Fonte: Folha de S. Paulo
Publicado em 25 de agosto de 2020
Sandro J. de Souza
Professor titular da Universidade Federal do Rio Grande do Norte
Eduardo Emrich Soares
Presidente da Biominas Brasil
A pandemia de Covid-19 tem mostrado a importância de uma infraestrutura estabelecida de C&T (ciência e tecnologia) no país, salientando não só a necessidade de cientistas habilitados, mas também de um ambiente dinâmico de transferência de tecnologias das universidades para o setor empresarial.
Embora tenhamos tido nos últimos meses vários casos de sucesso como, por exemplo, o sequenciamento do genoma do Sars-CoV-2 em pacientes brasileiros, a pandemia também mostrou carências críticas que afligem o cenário de C&T no país há décadas.
Uma delas refere-se à aquisição de insumos biotecnológicos no país. Embora atraiam mais atenção as notícias sobre a falta de insumos médicos básicos, como luvas e máscaras, há também o mercado de insumos para pesquisas básicas e aplicadas. Por exemplo, esta Folha noticiou que o Ministério da Saúde tem quase 10 milhões de testes para Covid-19 parados por falta de insumos para as reações de PCR, principal tecnologia usada nos testes de diagnóstico.
Quase todos esses insumos são importados e isso traz duas constatações importantes. A primeira é a dificuldade de se importar insumos para pesquisa, apesar dos inúmeros programas governamentais estabelecidos com o objetivo de facilitar esse processo. Pergunte a qualquer cientista brasileiro e terá uma aula sobre a burocracia das importações de insumos. Mesmo em um momento crítico no país com milhões de vidas em risco, não conseguimos nos livrar da nossa vocação burocrática.
O outro ponto a ser considerado, e o mais crítico, é a falta de uma indústria local capaz de abastecer o mercado nacional. Embora tenhamos tido ao longo dos anos vários projetos e startups com tal finalidade, as mesmas não encontraram no país as condições para crescerem e se estabelecerem de forma definitiva. Hoje, elas fazem falta. Vale destacar que a tecnologia para a produção desses insumos é completamente dominada em universidades e centros de pesquisas brasileiros. Como mudamos isso? A resposta é certamente complexa, mas o problema precisa ser encarado de forma honesta e objetiva (e, principalmente, sem qualquer viés ideológico).
O Brasil parece ser o país do copo meio cheio, meio vazio. Temos um enorme potencial e um custo Brasil em quase tudo.

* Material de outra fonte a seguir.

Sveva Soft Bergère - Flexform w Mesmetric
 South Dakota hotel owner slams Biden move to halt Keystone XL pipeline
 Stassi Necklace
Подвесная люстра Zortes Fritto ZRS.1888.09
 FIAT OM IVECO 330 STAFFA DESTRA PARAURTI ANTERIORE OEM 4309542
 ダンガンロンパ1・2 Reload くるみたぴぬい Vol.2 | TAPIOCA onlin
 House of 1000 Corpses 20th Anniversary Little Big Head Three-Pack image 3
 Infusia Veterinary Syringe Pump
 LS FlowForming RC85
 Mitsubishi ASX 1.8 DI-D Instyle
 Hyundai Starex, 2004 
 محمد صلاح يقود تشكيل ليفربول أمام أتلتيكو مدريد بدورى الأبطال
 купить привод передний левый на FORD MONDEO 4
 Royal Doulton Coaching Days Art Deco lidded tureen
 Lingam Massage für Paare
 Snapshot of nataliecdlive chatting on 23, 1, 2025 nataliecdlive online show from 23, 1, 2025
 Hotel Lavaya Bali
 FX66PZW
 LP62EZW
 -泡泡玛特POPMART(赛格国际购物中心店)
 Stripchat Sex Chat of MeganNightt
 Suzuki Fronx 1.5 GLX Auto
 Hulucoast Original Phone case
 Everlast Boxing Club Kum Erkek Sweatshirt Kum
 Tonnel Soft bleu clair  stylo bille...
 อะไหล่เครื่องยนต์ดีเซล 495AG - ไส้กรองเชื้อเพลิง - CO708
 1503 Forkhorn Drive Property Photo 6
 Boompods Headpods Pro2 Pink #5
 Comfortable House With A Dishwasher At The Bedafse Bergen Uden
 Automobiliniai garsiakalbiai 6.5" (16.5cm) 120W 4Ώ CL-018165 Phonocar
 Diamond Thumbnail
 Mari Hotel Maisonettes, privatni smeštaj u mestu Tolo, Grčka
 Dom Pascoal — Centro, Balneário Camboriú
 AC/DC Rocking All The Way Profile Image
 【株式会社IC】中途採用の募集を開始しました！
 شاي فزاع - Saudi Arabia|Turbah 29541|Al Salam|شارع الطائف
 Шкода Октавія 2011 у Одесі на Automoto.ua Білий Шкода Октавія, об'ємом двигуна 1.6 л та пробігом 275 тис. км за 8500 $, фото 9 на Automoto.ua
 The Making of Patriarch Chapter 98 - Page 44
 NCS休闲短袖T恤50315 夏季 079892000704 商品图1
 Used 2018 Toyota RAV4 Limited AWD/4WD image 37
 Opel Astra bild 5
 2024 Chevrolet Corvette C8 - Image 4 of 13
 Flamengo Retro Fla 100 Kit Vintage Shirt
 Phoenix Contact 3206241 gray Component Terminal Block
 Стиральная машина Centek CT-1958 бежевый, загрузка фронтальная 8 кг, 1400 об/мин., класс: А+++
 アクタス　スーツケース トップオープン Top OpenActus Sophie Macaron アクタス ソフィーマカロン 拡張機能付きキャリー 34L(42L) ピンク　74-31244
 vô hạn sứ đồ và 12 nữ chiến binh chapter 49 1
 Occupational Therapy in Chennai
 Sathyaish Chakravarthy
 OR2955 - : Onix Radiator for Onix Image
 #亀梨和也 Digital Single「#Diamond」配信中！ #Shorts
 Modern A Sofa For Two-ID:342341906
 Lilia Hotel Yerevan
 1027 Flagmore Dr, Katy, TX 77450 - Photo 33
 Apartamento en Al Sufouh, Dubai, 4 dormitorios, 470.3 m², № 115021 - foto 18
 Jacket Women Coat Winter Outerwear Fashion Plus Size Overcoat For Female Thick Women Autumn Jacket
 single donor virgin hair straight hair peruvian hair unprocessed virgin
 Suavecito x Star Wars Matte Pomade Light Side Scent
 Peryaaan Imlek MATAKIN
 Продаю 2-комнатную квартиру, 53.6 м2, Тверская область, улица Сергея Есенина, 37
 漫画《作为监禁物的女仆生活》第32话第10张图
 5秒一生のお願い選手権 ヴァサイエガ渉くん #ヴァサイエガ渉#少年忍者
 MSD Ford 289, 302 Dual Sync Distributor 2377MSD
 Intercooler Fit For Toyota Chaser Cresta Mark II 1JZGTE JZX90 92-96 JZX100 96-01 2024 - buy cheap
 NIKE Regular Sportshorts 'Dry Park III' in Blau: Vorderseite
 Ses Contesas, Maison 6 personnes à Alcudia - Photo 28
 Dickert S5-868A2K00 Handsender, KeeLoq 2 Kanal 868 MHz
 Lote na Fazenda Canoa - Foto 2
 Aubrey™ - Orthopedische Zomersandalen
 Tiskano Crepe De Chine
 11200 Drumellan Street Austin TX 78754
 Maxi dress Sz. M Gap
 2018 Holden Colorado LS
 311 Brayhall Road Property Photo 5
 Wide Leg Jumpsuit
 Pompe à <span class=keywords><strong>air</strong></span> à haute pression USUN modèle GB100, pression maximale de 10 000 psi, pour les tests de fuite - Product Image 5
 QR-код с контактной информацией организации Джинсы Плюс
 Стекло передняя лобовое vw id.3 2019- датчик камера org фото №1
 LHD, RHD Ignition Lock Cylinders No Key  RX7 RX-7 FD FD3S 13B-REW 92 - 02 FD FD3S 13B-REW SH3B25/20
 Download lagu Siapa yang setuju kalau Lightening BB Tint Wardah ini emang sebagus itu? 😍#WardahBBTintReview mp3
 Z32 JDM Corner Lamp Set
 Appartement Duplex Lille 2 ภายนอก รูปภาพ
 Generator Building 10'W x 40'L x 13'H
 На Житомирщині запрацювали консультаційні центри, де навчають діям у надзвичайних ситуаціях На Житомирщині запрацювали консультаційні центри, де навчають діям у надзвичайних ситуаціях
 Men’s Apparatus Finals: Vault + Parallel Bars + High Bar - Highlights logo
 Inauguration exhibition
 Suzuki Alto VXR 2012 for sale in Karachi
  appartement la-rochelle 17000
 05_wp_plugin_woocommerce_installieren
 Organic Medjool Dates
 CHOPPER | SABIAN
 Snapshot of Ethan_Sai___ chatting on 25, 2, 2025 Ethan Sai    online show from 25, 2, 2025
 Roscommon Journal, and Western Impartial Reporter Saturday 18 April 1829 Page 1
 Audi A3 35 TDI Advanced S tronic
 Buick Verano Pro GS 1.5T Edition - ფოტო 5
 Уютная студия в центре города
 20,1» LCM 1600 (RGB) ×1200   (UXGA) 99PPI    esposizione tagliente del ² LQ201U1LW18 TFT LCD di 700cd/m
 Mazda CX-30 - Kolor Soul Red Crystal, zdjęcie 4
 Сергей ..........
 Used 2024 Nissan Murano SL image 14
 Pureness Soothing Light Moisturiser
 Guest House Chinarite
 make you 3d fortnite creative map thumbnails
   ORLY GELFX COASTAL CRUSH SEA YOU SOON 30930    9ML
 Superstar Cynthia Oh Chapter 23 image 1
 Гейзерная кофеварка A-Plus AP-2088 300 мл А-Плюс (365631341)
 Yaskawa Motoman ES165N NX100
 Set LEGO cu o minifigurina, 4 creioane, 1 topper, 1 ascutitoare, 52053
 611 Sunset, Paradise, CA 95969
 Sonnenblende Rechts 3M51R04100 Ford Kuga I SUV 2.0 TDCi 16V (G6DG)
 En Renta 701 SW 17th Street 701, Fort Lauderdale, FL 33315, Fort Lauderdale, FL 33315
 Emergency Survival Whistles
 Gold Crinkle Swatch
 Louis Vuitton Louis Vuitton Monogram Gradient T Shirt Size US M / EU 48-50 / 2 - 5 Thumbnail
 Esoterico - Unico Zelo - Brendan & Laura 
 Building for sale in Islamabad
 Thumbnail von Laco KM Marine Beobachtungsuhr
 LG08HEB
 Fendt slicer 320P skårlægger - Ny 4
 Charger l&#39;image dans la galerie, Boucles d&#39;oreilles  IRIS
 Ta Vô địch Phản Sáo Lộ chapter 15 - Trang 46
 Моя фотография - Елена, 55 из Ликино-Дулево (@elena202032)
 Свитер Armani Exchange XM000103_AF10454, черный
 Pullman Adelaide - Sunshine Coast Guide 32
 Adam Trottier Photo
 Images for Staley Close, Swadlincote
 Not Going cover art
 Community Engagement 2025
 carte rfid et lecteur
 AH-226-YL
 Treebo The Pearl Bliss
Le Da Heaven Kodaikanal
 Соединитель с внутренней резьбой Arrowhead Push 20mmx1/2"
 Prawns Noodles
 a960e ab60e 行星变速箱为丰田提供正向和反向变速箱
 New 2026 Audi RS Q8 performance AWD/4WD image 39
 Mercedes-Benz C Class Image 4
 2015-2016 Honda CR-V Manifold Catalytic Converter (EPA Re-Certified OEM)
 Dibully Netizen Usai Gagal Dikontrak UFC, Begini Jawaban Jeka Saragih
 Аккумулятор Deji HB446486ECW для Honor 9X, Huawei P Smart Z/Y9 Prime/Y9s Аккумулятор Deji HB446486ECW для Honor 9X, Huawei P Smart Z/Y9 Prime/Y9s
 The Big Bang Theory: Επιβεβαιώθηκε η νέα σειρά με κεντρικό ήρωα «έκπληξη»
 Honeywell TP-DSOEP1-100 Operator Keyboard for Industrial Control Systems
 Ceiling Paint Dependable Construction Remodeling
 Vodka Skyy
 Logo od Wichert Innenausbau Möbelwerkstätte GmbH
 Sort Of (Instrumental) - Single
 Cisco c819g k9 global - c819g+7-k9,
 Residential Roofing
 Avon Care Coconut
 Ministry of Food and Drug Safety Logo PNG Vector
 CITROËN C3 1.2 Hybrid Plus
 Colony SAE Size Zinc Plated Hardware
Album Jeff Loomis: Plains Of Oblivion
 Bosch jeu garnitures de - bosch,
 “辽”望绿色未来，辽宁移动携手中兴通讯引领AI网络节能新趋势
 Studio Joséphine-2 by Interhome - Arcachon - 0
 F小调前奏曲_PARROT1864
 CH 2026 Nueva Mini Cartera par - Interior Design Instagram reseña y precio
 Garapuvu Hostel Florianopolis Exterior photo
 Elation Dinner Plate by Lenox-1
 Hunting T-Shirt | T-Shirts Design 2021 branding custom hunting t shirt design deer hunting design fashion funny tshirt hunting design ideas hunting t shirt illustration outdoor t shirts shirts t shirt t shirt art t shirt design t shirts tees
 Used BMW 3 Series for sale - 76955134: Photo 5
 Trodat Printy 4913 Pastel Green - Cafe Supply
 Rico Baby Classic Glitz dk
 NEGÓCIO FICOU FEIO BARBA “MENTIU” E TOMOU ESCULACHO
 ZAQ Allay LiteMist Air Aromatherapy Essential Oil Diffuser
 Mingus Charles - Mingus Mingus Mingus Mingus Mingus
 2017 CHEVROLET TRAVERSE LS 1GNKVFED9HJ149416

Parece que temos o mais difícil, mas erramos nos mecanismos para que esse potencial vire realidade. O cenário de biotecnologia não é diferente. Temos muitas ilhas de excelência em diferentes setores da bioeconomia, mas nos faltam os mecanismos e a cultura para darmos aquele último passo e nos transformarmos no país inovador que sonhamos.